Say you're the CEO of a large corporation ...

Excuse me if I start off this review with a particularly convoluted contemplation of stuff, only particularly related to the book at hand. This was another title that came to me via the LibraryThing.com “Early Reviewer” program. In this program, publishers make a certain number of copies (often 15-25, sometimes more, occasionally less) available of titles they're promoting, and there are usually a hundred or so titles in play. LT members can click a button to “request” a book, and there isn't any limit (that I'm aware of) to how many requests they can put it … but, generally speaking (there are occasional exceptions), each user can only get one book each month. Matching the books to the readers is done by a computer program, known around LT as “The Almighty Algorithm”, which looks at info on the book, and the requesting member's book collection. Obviously, if one only requested a single book that one really really wanted, one it at the mercy of said algorithm, and if it doesn't consider your library the 15th (or however many copies are available) best match for the book, you're out of luck.
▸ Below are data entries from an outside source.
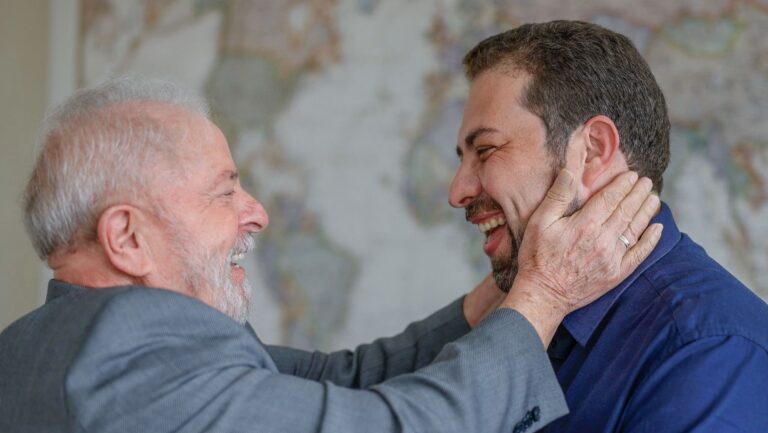 Lula brinca com Boulos e diz: “Não sei se ele era do tempo das invasões”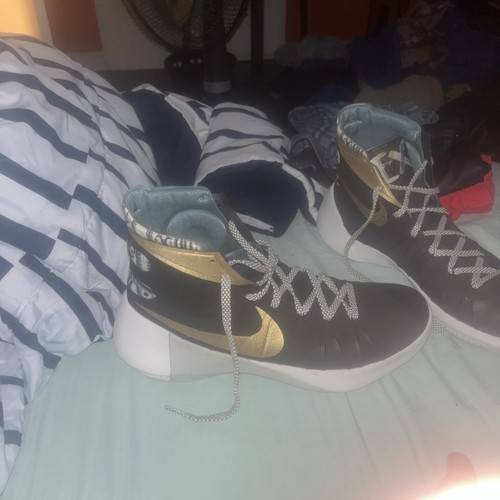 Size 12 - Nike Hyperdunk 2015 Black, Gold, White - photo 4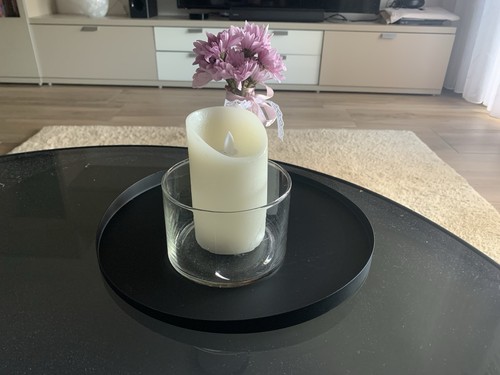 Design tablett aus metall - tablett,
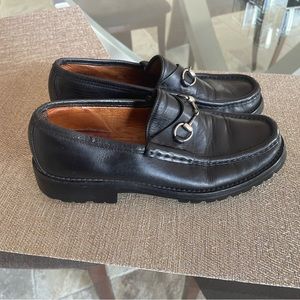 Gucci classic lug sole loafers.EUC size 8 M ladies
So, it “pays” to request a handful of books each month.

Now, as somebody who doesn't read fiction, the plausible options for me in any given month are somewhat thin, so I find myself frequently “requesting” books that only “sound vaguely interesting” and are certainly NOT things that I would have “free range” ever picked up at a bookstore or ordered on-line.

As regular readers of this space will appreciate, I have been reading and reviewing a LOT of “business books” over the past several years, but I really had never touched one before getting a (free) copy of Conor Cunneen's “Why Ireland Never Invaded America” at a lecture he was giving back in 2006. This really didn't open up any floodgates, but it did prime me for doing more business books, which started to come my way when I took over writing The Job Stalker on the Tribune's Chicago Now blogging site in 2009. In developing content for that blog, I read and reviewed dozens of “job search” books, and started building relationships with the promotion departments of several of the business publishers.

So, over those years, the complexion of my library changed, and was more and more “business-oriented” which only intensified with my delving (for professional reasons) into the Social Media and Marketing niches. And … this was data upon which “The Almighty Algorithm” was basing its decisions. In a month that I might have requested a biography, a history book, a philosophical treatise, a pop culture memoir, and a business book, the odds started to seriously skew towards the latter. Since (it seems to me) the vast majority of other LT members participating in the Early Reviewers program were looking for fiction, or less serious subjects, my having all those business books in my library made it almost a given that if I requested one (even if it was my 5th choice – there's no system of ranking preferences), I was pretty much a lock for getting it.

Which brings me (500 words in) to the book in question, which would have been highly unlikely to have ever made it into my “to be read” piles without the invisible hand of LT's “Almighty Algorithm”. Neil Smith's How Excellent Companies Avoid Dumb Things: Breaking the 8 Hidden Barriers that Plague Even the Best Businesses is, despite the extensive caveats above, a reasonably engaging read, but it's one of those books that is really for bigger businesses than I've ever worked in (well, I've had clients like that in my PR days … but he notes his system has been “used in companies that have tens of thousands of employees and many divisions, as well in smaller, less complex organizations with fewer than 3,000 employees” - and that is pretty huge even on the lower end), which made it difficult for me to connect with the info on a truly meaningful level.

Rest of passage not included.